The old answer about why centralized moments represent shape better than raw:
The keyword is shape. As whuber suggested, by shape we want consider the properties of the distribution that are invariant to translation and scaling. That is, when you consider variable $X + c$ instead of $X$, you get the same distribution function (just shifted to the right or left), so we would like to say that its shape stayed the same.
The raw moments do change when you translate the variable, so they reflect not only the shape, but also a location. In fact, you can take any random variable, and shift it $X \to X + c$ appropriately to get any value for its, say, raw third moment.
The same observation holds for all odd moments and to lesser extent for even moments (they are bounded from below and lower bound does depend on shape).
The centralized moment, on the other hand, does not change when you translate the variable, so that's why they are more descriptive of the shape. For example, if your even centralized moment is large, you known that random variable has some mass not too close to mean. Or if your odd moment is zero, you known that your random variable has some symmetry around mean.
The same argument extends to scale, which is transformation $X\to cX$. The usual normalization in this case is division by standard deviation, and the corresponding moments are called normalized moments, at least by wikipedia.
Best Answer
It's been a long time since I took a physics class, so let me know if any of this is incorrect.
General description of moments with physical analogs
Take a random variable, $X$. The $n$-th moment of $X$ around $c$ is: $$m_n(c)=E[(X-c)^n]$$ This corresponds exactly to the physical sense of a moment. Imagine $X$ as a collection of points along the real line with density given by the pdf. Place a fulcrum under this line at $c$ and start calculating moments relative to that fulcrum, and the calculations will correspond exactly to statistical moments.

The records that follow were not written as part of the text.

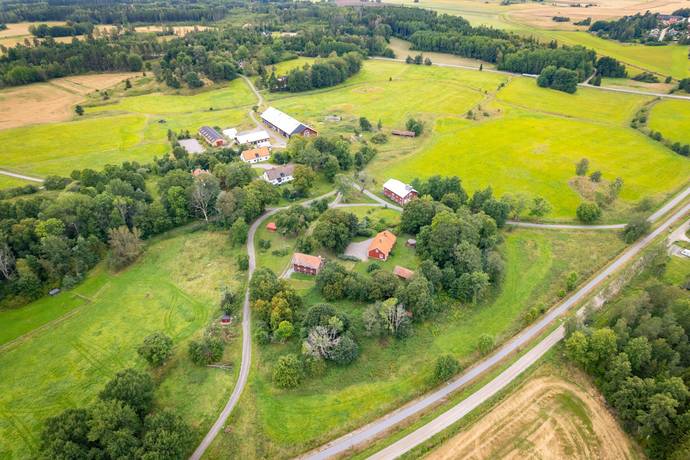 Hällberga Torsberga gård, Hällberga, Eskilstuna kommun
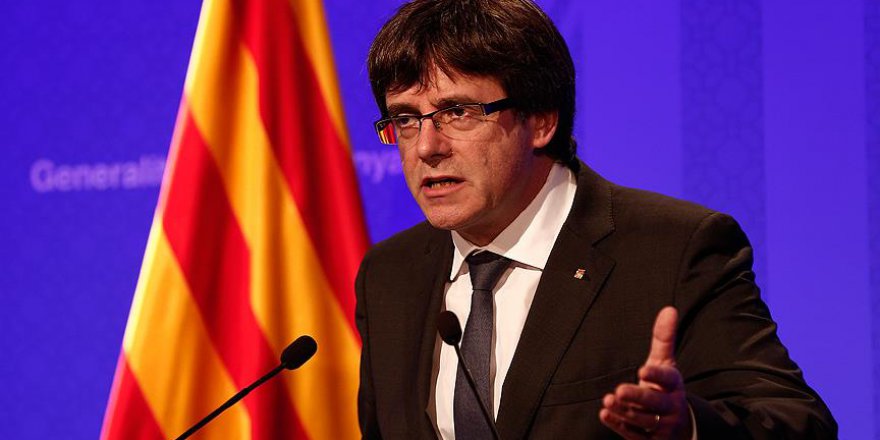 Katalonya Başkanı Puigdemont 'Bağımsızlık İlanından' Geri Adım Atmıyor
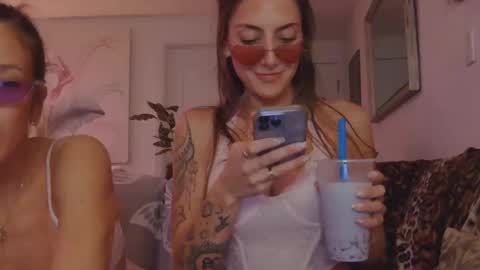 Snapshot of fantasy4uxxx chatting on October 2025 06:35:02 AM fantasy4uxxx online show from October 2025 06:35:02 AM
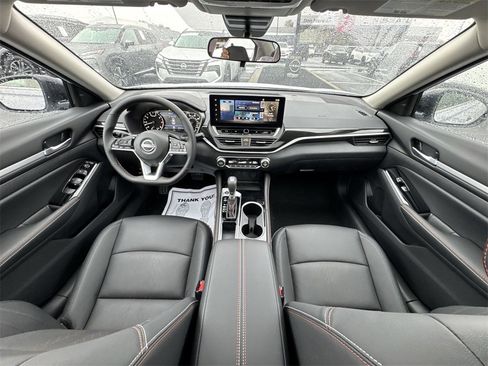 New 2025 Nissan Altima 2.5 SR image 21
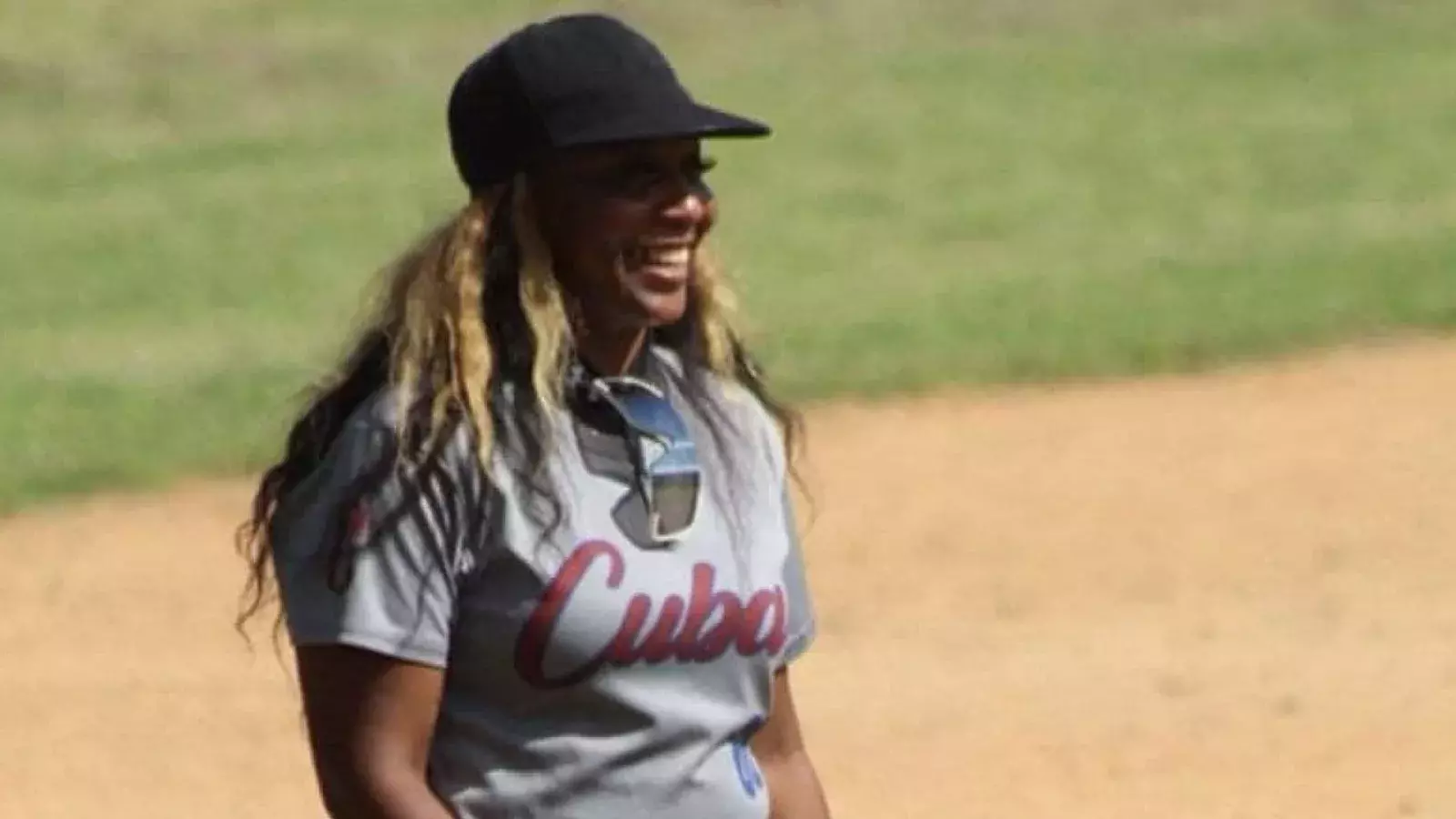 Annie Fonseca, primera mujer manager de un equipo de béisbol de hombres en Cuba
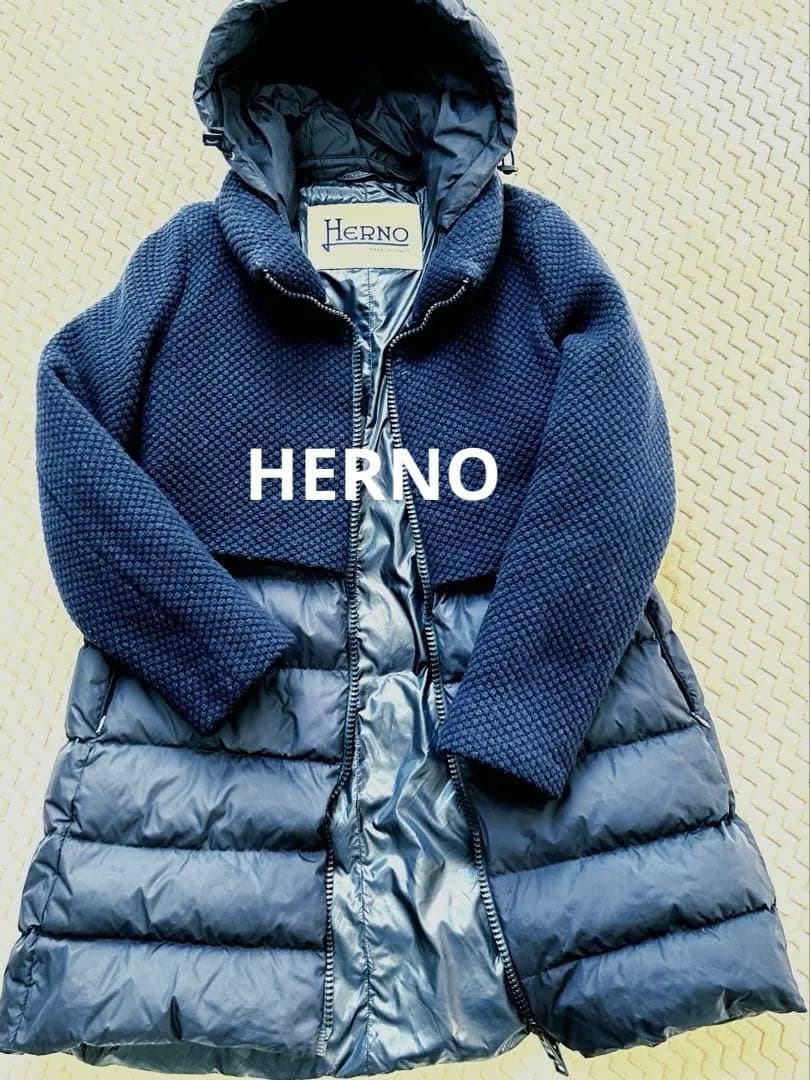★美品HERNO★ヘルノ ★大人気シリーズ ★ネイビー42サイズ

Most of the time, the $n$-th moment of $X$ refers to the moment around 0 (moments where the fulcrum is placed at 0): $$m_n=E[X^n]$$ The $n$-th central moment of $X$ is: $$\hat m_n=m_n(m_1) =E[(X-m_1)^n]$$ This corresponds to moments where the fulcrum is placed at the center of mass, so the distribution is balanced. It allows moments to be more easily interpreted, as we'll see below. The first central moment will always be zero, because the distribution is balanced.
The $n$-th standardized moment of $X$ is: $$\tilde m_n = \dfrac{\hat m_n}{\left(\sqrt{\hat m_2}\right)^n}=\dfrac{E[(X-m_1)^n]} {\left(\sqrt{E[(X-m_1)^2]}\right)^n}$$ Again, this scales moments by the spread of the distribution, allowing for easier interpretation specifically of Kurtosis. The first standardized moment will always be zero, the second will always be one. This corresponds to the moment of the standard score (z-score) of a variable. I don't have a great physical analog for this concept.
Commonly used moments
For any distribution there are potentially an infinite number of moments. Enough moments will almost always fully characterize and distribution (deriving the necessary conditions for this to be certain is a part of the moment problem). Four moments are commonly talked about a lot in statistics:
We rarely talk about moments beyond Kurtosis, precisely because there is very little intuition to them. This is similar to physicists stopping after the second moment.